At a press conference to introduce Turner, San Diego's former coach as his offensive coordinator, Chudzinski would not commit to Weeden, who had an uneven rookie season after he was drafted in the first round last year. Chudzinski is keeping his options open, which doesn't mean he's opposed to Weeden keeping his job.
But Chudzinski wasn't involved in the process to select Weeden and it only makes sense that he will do his own evaluation before making decisions on any players. Cleveland could opt to sign a quarterback in free agency, draft another one - they pick sixth overall - stick with Weeden or promote backup Colt McCoy.
There's time and Chudzinski intends to use it. He's been too busy hiring his assistants to judge what he's inheriting, which is why he won't pencil Weeden in as the starter.
It's too early to be sure of anything.
"That's premature to say any of that," he said. "Until we all get together, we get the staff set, we get a chance to sit down and talk through personnel and everybody's on the same page with those things. You don't know watching tape necessarily how guys are. Sometimes guys will get out there and they get into the system and maybe it's a better fit. Maybe you see some things that you didn't see from tape, whether its game tape or practice tape so you just never know."
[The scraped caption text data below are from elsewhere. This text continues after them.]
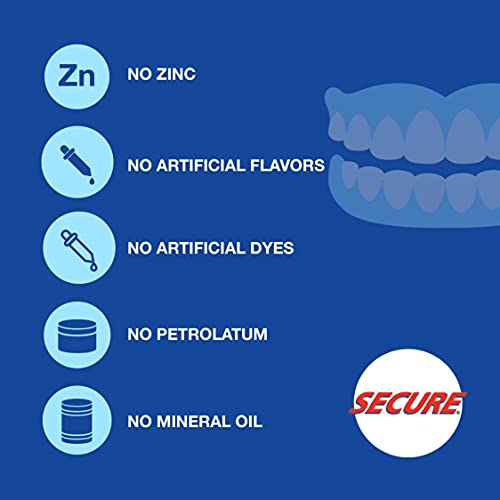 Secure Waterproof Denture Adhesive - Zinc Free - Extra Strong Hold For Upper, Lower or Partials - 1.4 oz (Pack of 8)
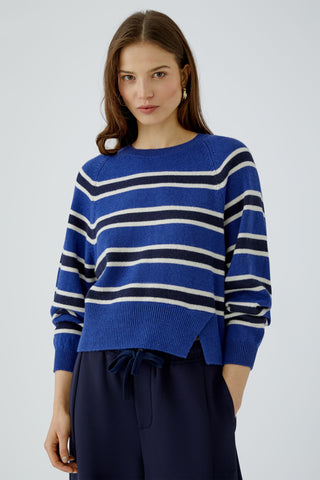 Oui Striped Jumper Blue Navy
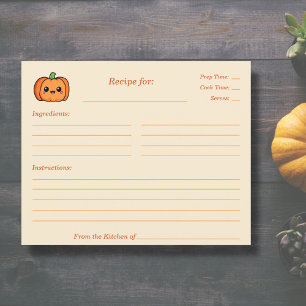 Cute Pumpkin Bridal Shower Recipe Card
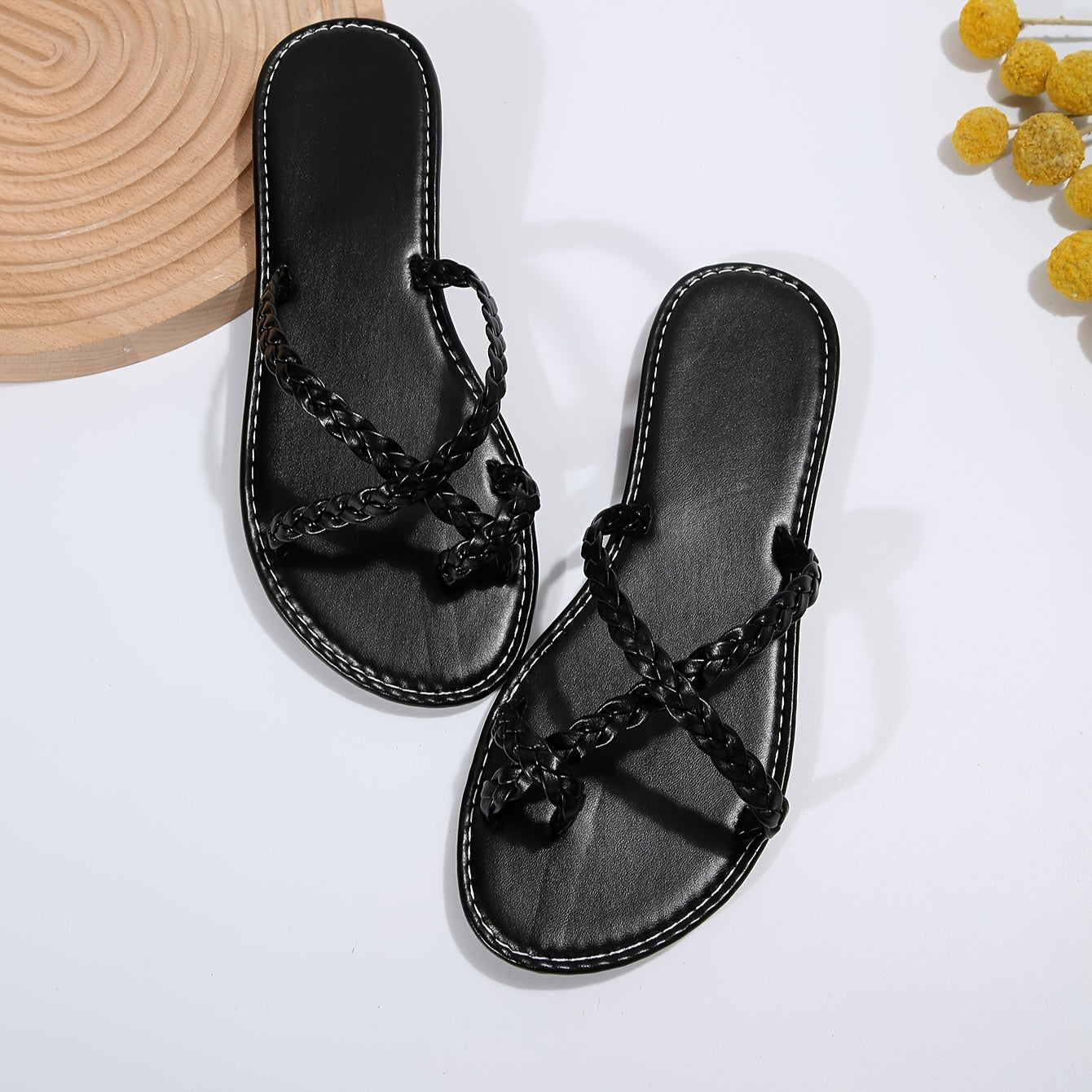 Women's Braided Flat Slide Sandals, Toe Loop Slip On Casual Beach Shoes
Weeden won't be handed anything by Cleveland's new regime and Chudzinski, who was hired as Cleveland's sixth coach since 1999 on Jan. 11, isn't rushing into such an important decision. The Browns have opened the season with a new starting quarterback in each of the past five years.
The 29-year-old passed for 3,385 yards but completed only 57 percent of his throws in Cleveland's West Coast system. He had 14 touchdowns, 17 interceptions and his 72.6 rating was 29th among the league's 32 starters.
Turner will also coach Cleveland's quarterbacks and is looking forward to working with Weeden, who made 15 starts before missing Cleveland's finale at Pittsburgh with a sprained shoulder. Like Chudzinski, Turner would not offer a strong opinion - positive or negative - on Weeden, but said he's got some intangibles to build upon.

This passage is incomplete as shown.